COVID-19. Come gestire l’impossibilità sopravvenuta della prestazione. Ipotesi di impossibilità reciproca. Conservazione del contratto. >> Articolo in PDF
È noto come l’emergenza pandemiologica internazionale da COVID-19, che in Italia ha assunto numeri rilevanti, abbia determinato una paralisi dei traffici commerciali e dei servizi, dovuta alle varie decretazioni di urgenza, che hanno sostanzialmente stabilito il divieto di circolazione dei cittadini, se non per tassative motivazioni, e la sospensione di gran parte delle attività produttive e di servizi.

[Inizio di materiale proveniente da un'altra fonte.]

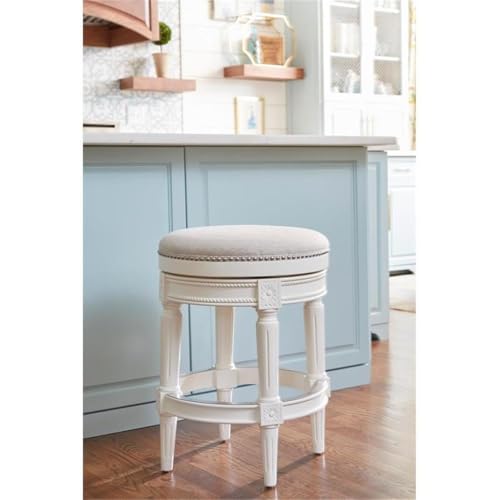 Newridgehomegoodschapman26incounterheightswivelbarstoolbacklessalabasterwhitewithgrayseat  Urban Country Home Decor New ridge home goods chapman 26in counter height swivel bar stool backless alabaster white with gray seat  urban country home decor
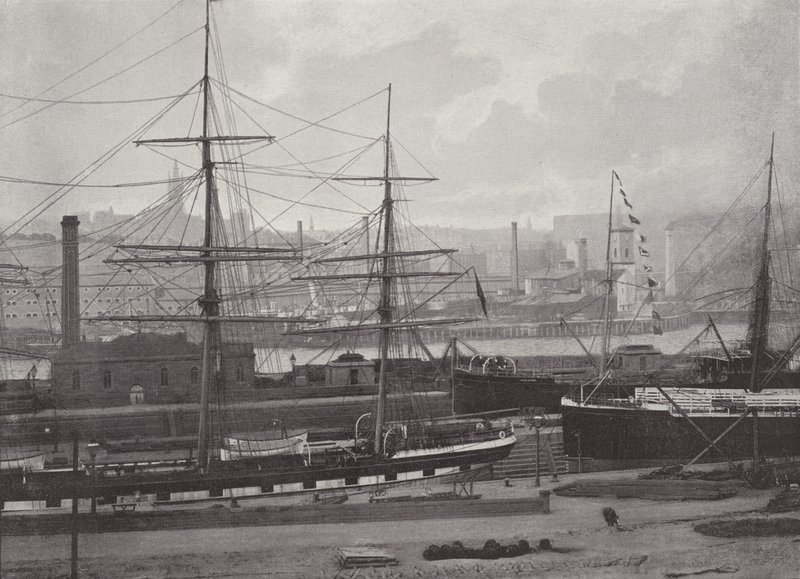 Navigation sur la Clyde, Partick, Glasgow - English Photographer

La paralisi dei traffici commerciali e di servizi ha causato, da parte degli operatori, l’impossibilità di far fronte alle obbligazioni contrattuali, come conseguenza delle restrizioni e dei divieti posti dalla decretazione d’urgenza.
Questa circostanza, in diritto, si chiama “sopravvenuta impossibilità della prestazione”.
Come è facile immaginare, sono molti i giuristi (e non solo) che in questi ultimi tempi hanno espresso le proprie apprezzabili opinioni sulle conseguenze giuridiche derivanti dalla sopravvenuta impossibilità della prestazione, a seguito dell’emergenza internazionale COVID-19.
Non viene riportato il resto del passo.